407708: GYM102878 J Teacher Long and Machine Learning

Teacher Long is currently studying machine learning. Today, he focuses on a question about regression.

'Suppose a polynomial F satisfies F(1)=1, F(2)=4, F(3)=9, F(4)=16, F(5)=25, then F should be:'

$$$F(x) = x^2$$$ (Correct)

'Suppose a polynomial F satisfies F(1)=1, F(2)=4, F(3)=9, F(4)=16, F(5)=24, then F should be:'

$$$F(x) = -\frac{1}{24}x^4+\frac{5}{12}x^3-\frac{11}{24}x^2+\frac{25}{12}x-1$$$ (Wrong)

Correct answer :

$$$F(x) = x^2$$$ , since there is noise of value 1 in $$$F(5)$$$.

Teacher Long felt so bad, and decided to write a code to help him automatically calculate this kind of problem.

Suppose there is a fourth-order polynomial $$$F(x)=a_4x^4+a_3x^3+a_2x^2+a_1x+a_0$$$ and a given sequence $$$\{f_1,f_2,f_3,f_4,f_5\}$$$, satisfying that the coefficients are all in range $$$[-100, 100]$$$ and are all integers, and for $$$\forall i\in[1,5],|F(i)-f_i|\le1$$$ . Given $$$\{f_1,f_2,f_3,f_4,f_5\}$$$, calculate $$$\{a_0,a_1,a_2,a_3,a_4\}$$$.

There are multiple test cases in input data.

An integer $$$T$$$ is in the first line, standing for the total number of test cases.

Next is $$$T$$$ test cases.

For each test case, the input data is one line with five numbers, with $$$f_1,f_2,f_3,f_4,f_5$$$ respectively.

Print $$$T$$$ lines.
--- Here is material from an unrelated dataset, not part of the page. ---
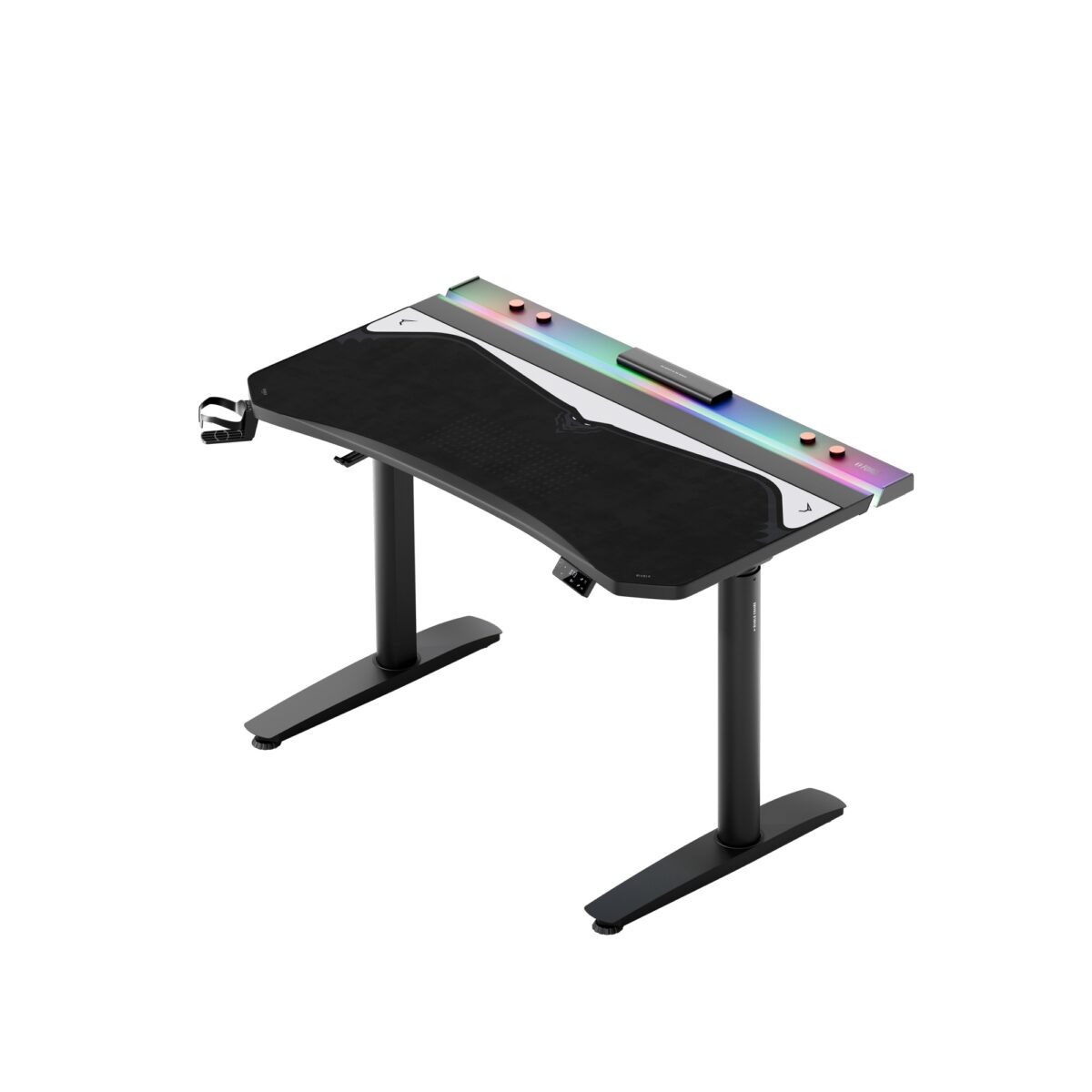 Podkładka gamingowa na biurko ochronna, duża czarno-szara, 120×52 cm: Diablo X-Forge Black Nightwolf Moon | Meble DUO 2430 podkladka na biurka x forge 120x52 black nightwolf moon 07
Each line is the answer of one test case, with $$$a_0,a_1,a_2,a_3,a_4$$$ respectively.

3
1 4 9 16 25
1 4 9 16 24
25 16 9 4 1

0 0 1 0 0
0 0 1 0 0
36 -12 1 0 0

For $$$100\%$$$ data, it's guaranteed that $$$1\le T\le 10$$$. There is at least one valid answer.